--- Available data Enclosed Below ---

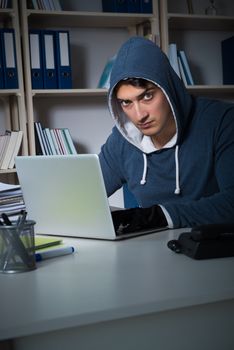 Young hacker hacking into computer at night
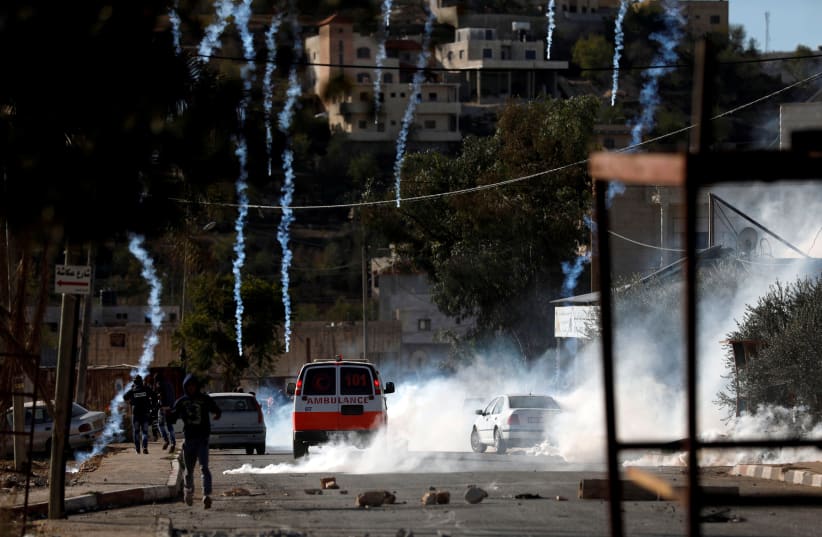 Palestinians clash with Israeli troops in the West Bank village of Kusra (photo credit: MOHAMAD TOROKMAN/REUTERS)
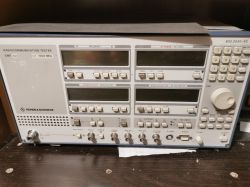 Radiokomunikacyjny tester Rohde &amp; Schwarz CMT 42 na ciemnym blacie z wieloma przyciskami i wyświetlaczami.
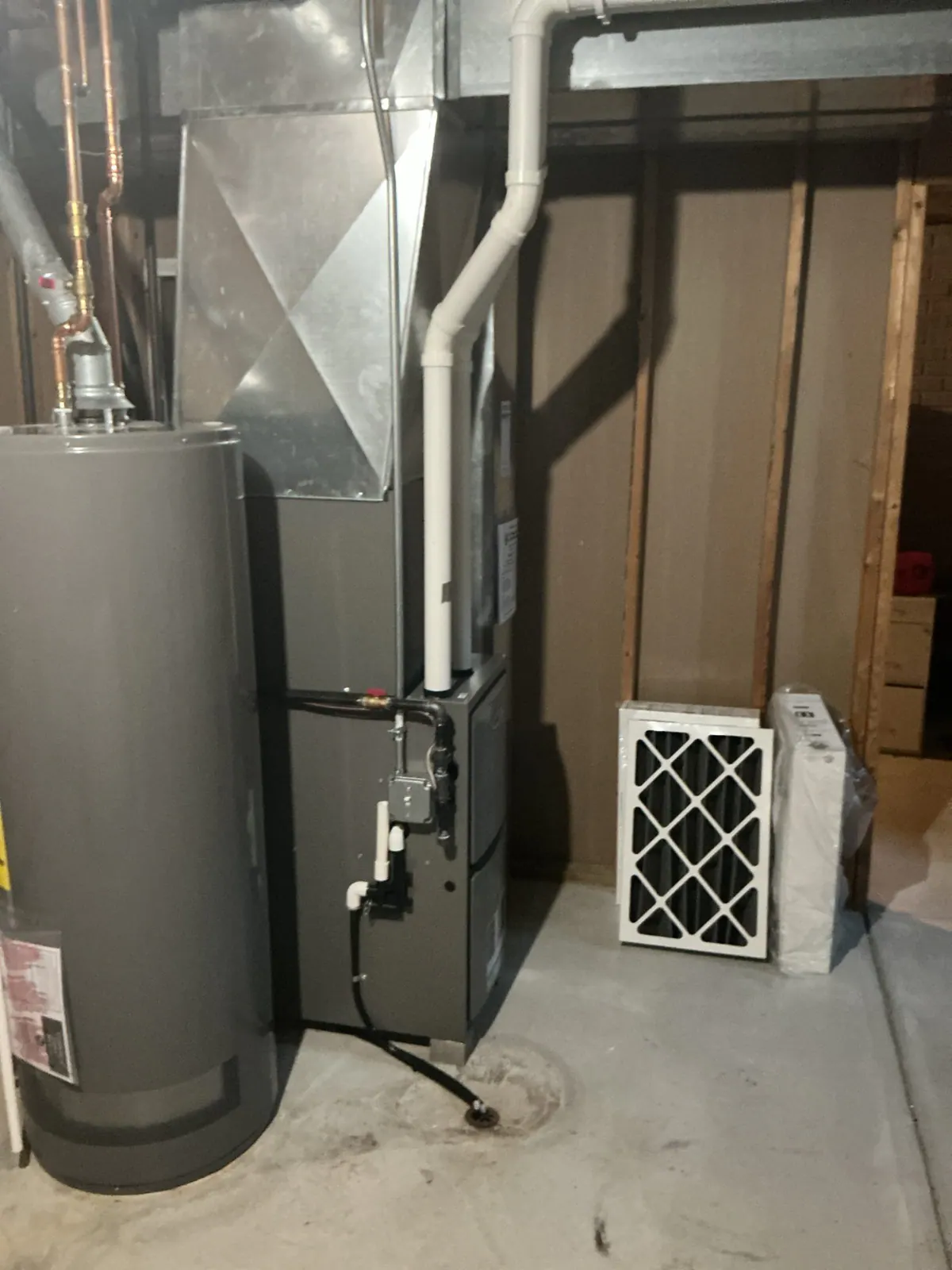 BEFORE: Utility room before water softener installation in Mukwonago — by Scott, O'Leary Plumbing, Heating & Electrical.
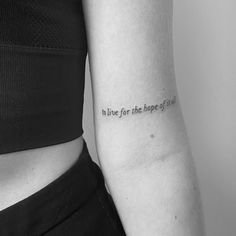 a woman with a tattoo on her arm that says to live for the hope of life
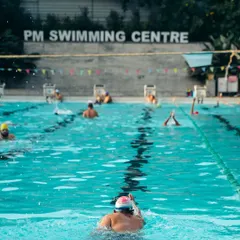 Our training isn't just for kids. Here, an adult swimmer practices their form in one of our dedicated lanes. We offer a supportive, judgment-free environment for adults to learn, improve their strokes, and build water confidence.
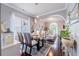 Open concept dining room with wood floors, a glass table, and views into the kitchen and living room at 1205 Sweet Gum Dr, Brandon, FL 33511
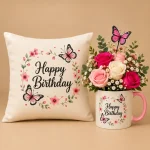 Happy Birthday gift set with butterfly cushion, ceramic mug filled with pink and blush roses and baby's breath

--- End of Enclosed Available data ---

Copy exactly, and copy only, the lines from the one bearing "BEFORE: Utility room" through the closing line of the material, with both ends kept and pictures removed.

 BEFORE: Utility room before water softener installation in Mukwonago — by Scott, O'Leary Plumbing, Heating & Electrical.
 a woman with a tattoo on her arm that says to live for the hope of life
 Our training isn't just for kids. Here, an adult swimmer practices their form in one of our dedicated lanes. We offer a supportive, judgment-free environment for adults to learn, improve their strokes, and build water confidence.
 Open concept dining room with wood floors, a glass table, and views into the kitchen and living room at 1205 Sweet Gum Dr, Brandon, FL 33511
 Happy Birthday gift set with butterfly cushion, ceramic mug filled with pink and blush roses and baby's breath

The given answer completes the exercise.